**DATA:**
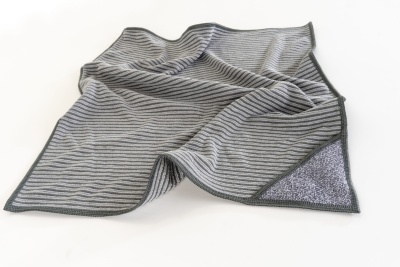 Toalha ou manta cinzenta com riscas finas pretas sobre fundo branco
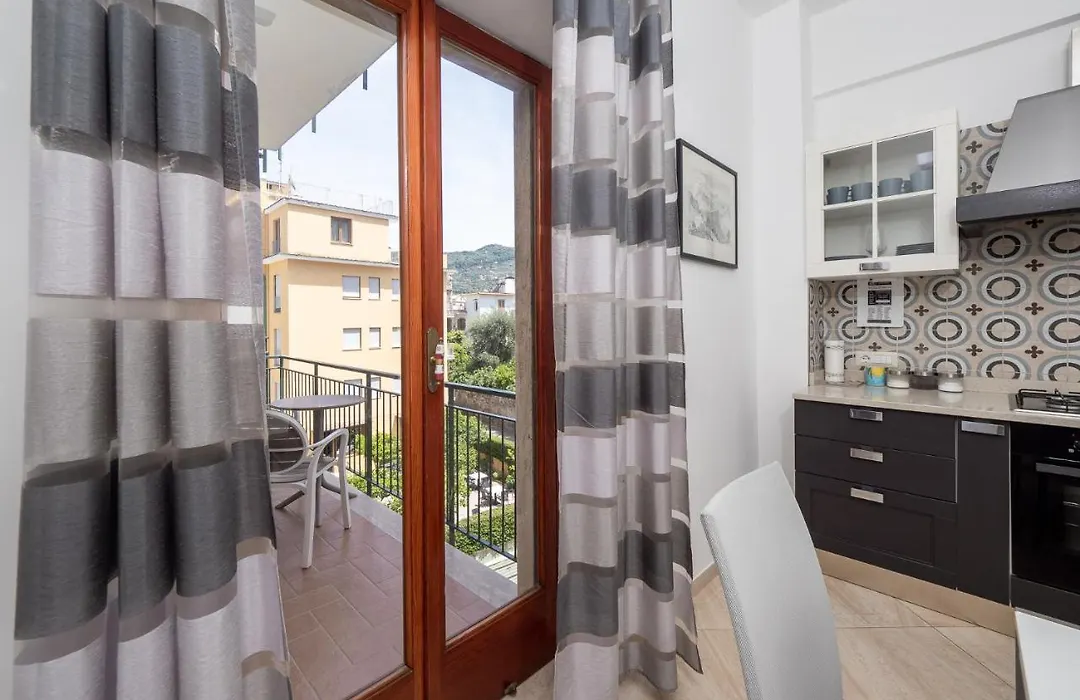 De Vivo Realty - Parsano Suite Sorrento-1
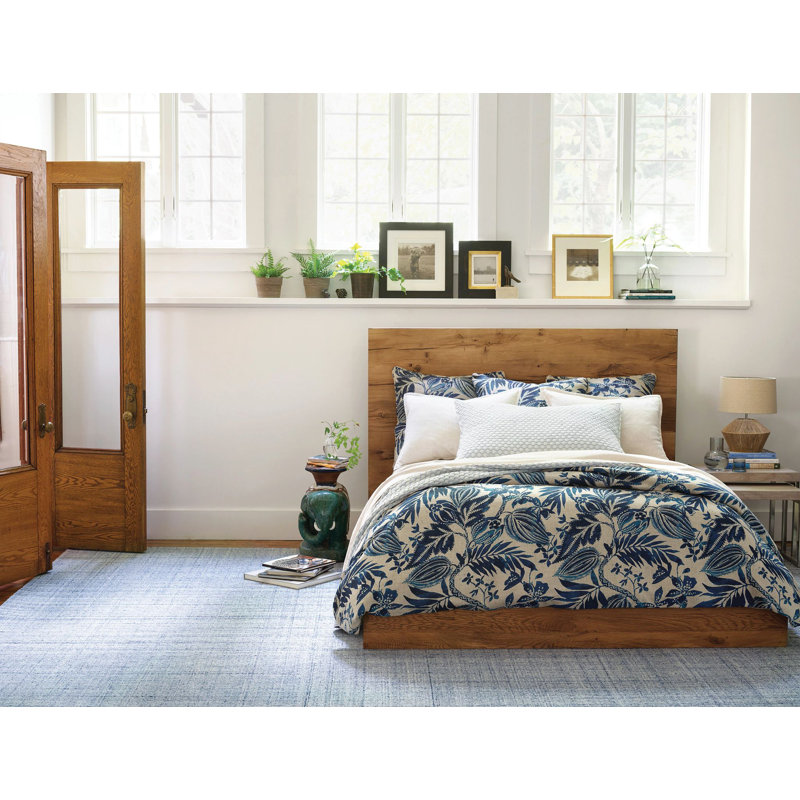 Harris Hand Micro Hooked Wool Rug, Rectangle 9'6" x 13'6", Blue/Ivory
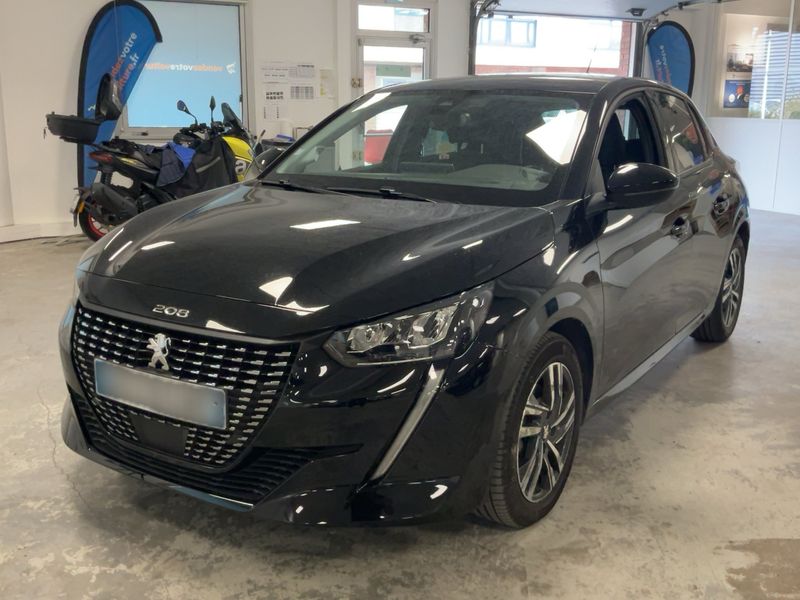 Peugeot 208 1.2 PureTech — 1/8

**DESCRIPTION OF THE TASK:** Everything in the listing should be copied exactly, apart from the images it holds.

**EXERCISE SOLUTION:**
 Toalha ou manta cinzenta com riscas finas pretas sobre fundo branco
 De Vivo Realty - Parsano Suite Sorrento-1
 Harris Hand Micro Hooked Wool Rug, Rectangle 9'6" x 13'6", Blue/Ivory
 Peugeot 208 1.2 PureTech — 1/8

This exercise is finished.